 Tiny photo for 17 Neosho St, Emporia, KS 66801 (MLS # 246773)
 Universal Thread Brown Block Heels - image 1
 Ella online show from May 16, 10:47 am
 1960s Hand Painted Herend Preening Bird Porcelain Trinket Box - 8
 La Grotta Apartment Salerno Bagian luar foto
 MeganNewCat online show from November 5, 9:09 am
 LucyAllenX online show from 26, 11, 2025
⁂
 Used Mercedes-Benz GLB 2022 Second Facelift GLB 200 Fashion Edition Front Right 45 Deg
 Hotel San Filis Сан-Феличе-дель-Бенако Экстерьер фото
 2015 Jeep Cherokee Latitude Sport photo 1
⁂
About this task: Starting at the line that has "Tiny photo for" and ending at the line that has "LucyAllenX online show from 26, 11, 2025", please write out the lines above exactly, leaving out all others.

Result of this exercise:
 Tiny photo for 17 Neosho St, Emporia, KS 66801 (MLS # 246773)
 Universal Thread Brown Block Heels - image 1
 Ella online show from May 16, 10:47 am
 1960s Hand Painted Herend Preening Bird Porcelain Trinket Box - 8
 La Grotta Apartment Salerno Bagian luar foto
 MeganNewCat online show from November 5, 9:09 am
 LucyAllenX online show from 26, 11, 2025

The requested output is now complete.